■ Goal of the exercise
Begin at the line below that has "Used 2023 Jeep" and stop after the line that has "2562 Clay St, Paducah, KY 42001". Please restate only those lines, word for word.
--- Records for the exercise Enclosed Below ---
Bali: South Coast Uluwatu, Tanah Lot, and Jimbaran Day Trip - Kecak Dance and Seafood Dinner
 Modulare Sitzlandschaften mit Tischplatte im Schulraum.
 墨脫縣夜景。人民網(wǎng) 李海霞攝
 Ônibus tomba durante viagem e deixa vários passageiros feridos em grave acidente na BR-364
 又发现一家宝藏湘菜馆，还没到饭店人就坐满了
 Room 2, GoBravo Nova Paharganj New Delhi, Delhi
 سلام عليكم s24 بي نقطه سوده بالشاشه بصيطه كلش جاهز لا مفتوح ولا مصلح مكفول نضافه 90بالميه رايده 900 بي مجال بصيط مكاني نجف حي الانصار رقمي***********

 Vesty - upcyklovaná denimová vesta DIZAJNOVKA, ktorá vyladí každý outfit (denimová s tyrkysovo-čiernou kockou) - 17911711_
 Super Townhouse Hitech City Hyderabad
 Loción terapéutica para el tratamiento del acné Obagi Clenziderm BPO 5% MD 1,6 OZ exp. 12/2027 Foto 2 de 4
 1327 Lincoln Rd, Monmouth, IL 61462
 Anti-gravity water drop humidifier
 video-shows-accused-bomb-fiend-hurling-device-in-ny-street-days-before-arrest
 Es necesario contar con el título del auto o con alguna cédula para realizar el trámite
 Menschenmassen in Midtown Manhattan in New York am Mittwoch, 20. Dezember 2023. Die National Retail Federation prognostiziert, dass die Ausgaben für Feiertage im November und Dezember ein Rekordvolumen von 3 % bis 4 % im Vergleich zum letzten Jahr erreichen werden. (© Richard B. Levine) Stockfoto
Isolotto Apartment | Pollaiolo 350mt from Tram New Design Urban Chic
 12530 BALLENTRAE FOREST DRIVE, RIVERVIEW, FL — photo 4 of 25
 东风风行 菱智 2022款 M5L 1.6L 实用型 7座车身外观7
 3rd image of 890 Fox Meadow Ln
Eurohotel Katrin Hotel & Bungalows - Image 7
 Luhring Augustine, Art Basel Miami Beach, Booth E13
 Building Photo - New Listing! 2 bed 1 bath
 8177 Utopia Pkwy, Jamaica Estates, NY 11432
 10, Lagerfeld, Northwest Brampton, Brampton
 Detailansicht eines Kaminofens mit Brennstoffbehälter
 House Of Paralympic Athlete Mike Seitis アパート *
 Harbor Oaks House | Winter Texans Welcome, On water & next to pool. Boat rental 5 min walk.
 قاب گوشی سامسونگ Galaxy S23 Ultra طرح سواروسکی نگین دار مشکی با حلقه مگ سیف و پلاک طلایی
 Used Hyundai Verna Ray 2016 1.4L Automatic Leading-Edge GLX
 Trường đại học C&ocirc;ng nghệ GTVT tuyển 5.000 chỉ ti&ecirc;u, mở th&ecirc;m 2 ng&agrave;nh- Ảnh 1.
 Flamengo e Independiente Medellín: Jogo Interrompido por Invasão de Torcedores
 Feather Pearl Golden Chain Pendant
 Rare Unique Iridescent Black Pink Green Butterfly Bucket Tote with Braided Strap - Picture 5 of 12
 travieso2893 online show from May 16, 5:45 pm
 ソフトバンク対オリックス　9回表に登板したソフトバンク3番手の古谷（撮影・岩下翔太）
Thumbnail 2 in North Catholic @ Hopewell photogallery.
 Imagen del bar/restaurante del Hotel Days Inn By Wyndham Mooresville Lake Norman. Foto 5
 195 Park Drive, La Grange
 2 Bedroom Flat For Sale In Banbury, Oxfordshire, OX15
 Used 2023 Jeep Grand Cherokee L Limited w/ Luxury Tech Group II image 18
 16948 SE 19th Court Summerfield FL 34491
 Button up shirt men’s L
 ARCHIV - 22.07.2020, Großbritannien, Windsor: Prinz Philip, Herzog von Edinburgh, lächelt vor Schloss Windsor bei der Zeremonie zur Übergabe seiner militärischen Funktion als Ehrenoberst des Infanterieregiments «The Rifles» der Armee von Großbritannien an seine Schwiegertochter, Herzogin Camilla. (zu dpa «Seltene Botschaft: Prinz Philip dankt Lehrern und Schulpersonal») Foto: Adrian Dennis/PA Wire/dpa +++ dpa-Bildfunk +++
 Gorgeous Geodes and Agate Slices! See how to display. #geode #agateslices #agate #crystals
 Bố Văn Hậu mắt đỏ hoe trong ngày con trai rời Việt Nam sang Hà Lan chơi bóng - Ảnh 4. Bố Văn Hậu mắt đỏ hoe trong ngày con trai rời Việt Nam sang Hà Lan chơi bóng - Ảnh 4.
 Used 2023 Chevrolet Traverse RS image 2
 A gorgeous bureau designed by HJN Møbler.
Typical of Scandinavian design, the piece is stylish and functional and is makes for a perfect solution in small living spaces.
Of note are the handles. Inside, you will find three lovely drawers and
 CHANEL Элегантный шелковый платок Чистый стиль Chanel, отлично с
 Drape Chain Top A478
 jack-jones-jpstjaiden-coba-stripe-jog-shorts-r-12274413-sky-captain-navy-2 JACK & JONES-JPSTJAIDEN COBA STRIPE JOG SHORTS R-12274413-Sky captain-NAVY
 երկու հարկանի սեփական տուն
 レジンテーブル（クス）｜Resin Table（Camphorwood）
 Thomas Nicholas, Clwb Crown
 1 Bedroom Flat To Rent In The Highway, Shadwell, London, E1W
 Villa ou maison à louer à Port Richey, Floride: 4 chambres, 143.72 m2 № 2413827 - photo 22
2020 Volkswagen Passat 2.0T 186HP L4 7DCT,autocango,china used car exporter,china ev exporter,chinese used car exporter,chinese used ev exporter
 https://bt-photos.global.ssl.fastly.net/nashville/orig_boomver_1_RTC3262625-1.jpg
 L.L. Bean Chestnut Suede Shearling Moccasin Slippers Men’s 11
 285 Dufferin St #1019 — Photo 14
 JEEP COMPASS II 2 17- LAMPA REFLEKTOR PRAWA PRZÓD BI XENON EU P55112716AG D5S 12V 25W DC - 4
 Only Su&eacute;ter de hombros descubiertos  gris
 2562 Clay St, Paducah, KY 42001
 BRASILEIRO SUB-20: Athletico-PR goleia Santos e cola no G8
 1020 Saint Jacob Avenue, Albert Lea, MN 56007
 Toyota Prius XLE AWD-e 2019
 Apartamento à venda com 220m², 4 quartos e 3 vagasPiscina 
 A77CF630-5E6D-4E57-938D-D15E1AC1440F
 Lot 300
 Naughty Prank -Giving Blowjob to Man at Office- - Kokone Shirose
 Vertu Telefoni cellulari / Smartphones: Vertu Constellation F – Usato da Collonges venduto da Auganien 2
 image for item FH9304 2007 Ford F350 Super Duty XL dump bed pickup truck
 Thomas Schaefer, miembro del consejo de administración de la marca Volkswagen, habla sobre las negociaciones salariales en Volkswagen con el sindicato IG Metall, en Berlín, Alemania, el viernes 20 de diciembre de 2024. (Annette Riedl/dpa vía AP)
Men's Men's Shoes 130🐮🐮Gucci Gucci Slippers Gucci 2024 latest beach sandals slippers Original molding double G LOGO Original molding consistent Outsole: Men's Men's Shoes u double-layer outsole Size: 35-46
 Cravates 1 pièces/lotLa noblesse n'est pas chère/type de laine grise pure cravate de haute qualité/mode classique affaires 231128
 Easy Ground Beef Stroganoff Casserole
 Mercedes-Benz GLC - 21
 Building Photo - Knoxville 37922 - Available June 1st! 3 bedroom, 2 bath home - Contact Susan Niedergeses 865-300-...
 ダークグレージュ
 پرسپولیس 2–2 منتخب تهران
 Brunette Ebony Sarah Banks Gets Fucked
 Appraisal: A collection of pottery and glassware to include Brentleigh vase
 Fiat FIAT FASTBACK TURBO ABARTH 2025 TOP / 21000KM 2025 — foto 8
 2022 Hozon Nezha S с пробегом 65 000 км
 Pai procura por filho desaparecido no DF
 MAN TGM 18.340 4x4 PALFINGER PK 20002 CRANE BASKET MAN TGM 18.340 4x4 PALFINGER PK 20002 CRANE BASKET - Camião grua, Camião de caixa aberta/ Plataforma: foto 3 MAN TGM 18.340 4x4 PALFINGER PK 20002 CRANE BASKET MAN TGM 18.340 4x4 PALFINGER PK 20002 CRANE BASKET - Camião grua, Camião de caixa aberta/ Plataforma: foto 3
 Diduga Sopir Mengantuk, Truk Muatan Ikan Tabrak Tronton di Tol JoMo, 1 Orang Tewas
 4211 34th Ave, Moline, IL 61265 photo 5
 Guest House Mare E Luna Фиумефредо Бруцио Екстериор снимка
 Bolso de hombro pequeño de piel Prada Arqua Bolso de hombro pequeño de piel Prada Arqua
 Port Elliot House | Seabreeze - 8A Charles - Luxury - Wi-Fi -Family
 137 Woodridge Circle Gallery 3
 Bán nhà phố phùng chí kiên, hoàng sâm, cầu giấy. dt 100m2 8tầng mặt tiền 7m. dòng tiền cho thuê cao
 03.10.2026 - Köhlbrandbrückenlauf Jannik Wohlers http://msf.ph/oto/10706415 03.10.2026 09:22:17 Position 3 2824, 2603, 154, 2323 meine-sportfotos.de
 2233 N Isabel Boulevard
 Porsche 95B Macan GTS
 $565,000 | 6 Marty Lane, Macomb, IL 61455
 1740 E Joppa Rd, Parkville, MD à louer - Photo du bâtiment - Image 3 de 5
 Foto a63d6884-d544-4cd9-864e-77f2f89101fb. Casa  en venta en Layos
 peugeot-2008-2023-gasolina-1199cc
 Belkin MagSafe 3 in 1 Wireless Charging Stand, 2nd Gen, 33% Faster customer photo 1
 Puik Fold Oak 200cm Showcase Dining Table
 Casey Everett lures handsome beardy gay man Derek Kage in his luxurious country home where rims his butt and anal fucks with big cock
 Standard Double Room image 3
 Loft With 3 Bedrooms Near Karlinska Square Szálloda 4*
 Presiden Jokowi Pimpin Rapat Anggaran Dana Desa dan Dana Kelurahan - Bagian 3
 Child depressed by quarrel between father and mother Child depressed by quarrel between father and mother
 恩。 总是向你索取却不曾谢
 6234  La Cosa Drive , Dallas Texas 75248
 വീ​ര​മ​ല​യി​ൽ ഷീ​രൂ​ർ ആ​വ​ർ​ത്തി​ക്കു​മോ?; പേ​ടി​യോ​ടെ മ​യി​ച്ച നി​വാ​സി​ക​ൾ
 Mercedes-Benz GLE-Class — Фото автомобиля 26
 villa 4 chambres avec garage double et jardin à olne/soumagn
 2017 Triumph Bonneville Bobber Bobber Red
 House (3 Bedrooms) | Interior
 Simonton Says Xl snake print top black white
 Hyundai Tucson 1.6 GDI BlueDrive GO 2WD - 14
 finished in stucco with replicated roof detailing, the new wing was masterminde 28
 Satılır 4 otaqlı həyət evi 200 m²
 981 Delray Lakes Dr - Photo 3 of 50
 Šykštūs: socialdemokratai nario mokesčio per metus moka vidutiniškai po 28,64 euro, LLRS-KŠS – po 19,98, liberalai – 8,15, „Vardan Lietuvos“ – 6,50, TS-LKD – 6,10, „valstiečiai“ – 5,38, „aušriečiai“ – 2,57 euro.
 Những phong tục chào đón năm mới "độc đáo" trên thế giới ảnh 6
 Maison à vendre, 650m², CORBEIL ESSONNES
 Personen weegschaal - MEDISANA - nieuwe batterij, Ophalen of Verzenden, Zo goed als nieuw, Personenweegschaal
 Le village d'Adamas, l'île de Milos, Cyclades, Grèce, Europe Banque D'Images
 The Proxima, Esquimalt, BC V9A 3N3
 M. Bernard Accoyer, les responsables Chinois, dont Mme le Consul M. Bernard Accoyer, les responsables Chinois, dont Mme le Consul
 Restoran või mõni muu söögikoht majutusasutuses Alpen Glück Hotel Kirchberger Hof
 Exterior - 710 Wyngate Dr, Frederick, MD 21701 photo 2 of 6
--- End of Enclosed Records for the exercise ---
■ Finished exercise
 Used 2023 Jeep Grand Cherokee L Limited w/ Luxury Tech Group II image 18
 16948 SE 19th Court Summerfield FL 34491
 Button up shirt men’s L
 ARCHIV - 22.07.2020, Großbritannien, Windsor: Prinz Philip, Herzog von Edinburgh, lächelt vor Schloss Windsor bei der Zeremonie zur Übergabe seiner militärischen Funktion als Ehrenoberst des Infanterieregiments «The Rifles» der Armee von Großbritannien an seine Schwiegertochter, Herzogin Camilla. (zu dpa «Seltene Botschaft: Prinz Philip dankt Lehrern und Schulpersonal») Foto: Adrian Dennis/PA Wire/dpa +++ dpa-Bildfunk +++
 Gorgeous Geodes and Agate Slices! See how to display. #geode #agateslices #agate #crystals
 Bố Văn Hậu mắt đỏ hoe trong ngày con trai rời Việt Nam sang Hà Lan chơi bóng - Ảnh 4. Bố Văn Hậu mắt đỏ hoe trong ngày con trai rời Việt Nam sang Hà Lan chơi bóng - Ảnh 4.
 Used 2023 Chevrolet Traverse RS image 2
 A gorgeous bureau designed by HJN Møbler.
Typical of Scandinavian design, the piece is stylish and functional and is makes for a perfect solution in small living spaces.
Of note are the handles. Inside, you will find three lovely drawers and
 CHANEL Элегантный шелковый платок Чистый стиль Chanel, отлично с
 Drape Chain Top A478
 jack-jones-jpstjaiden-coba-stripe-jog-shorts-r-12274413-sky-captain-navy-2 JACK & JONES-JPSTJAIDEN COBA STRIPE JOG SHORTS R-12274413-Sky captain-NAVY
 երկու հարկանի սեփական տուն
 レジンテーブル（クス）｜Resin Table（Camphorwood）
 Thomas Nicholas, Clwb Crown
 1 Bedroom Flat To Rent In The Highway, Shadwell, London, E1W
 Villa ou maison à louer à Port Richey, Floride: 4 chambres, 143.72 m2 № 2413827 - photo 22
2020 Volkswagen Passat 2.0T 186HP L4 7DCT,autocango,china used car exporter,china ev exporter,chinese used car exporter,chinese used ev exporter
 https://bt-photos.global.ssl.fastly.net/nashville/orig_boomver_1_RTC3262625-1.jpg
 L.L. Bean Chestnut Suede Shearling Moccasin Slippers Men’s 11
 285 Dufferin St #1019 — Photo 14
 JEEP COMPASS II 2 17- LAMPA REFLEKTOR PRAWA PRZÓD BI XENON EU P55112716AG D5S 12V 25W DC - 4
 Only Su&eacute;ter de hombros descubiertos  gris
 2562 Clay St, Paducah, KY 42001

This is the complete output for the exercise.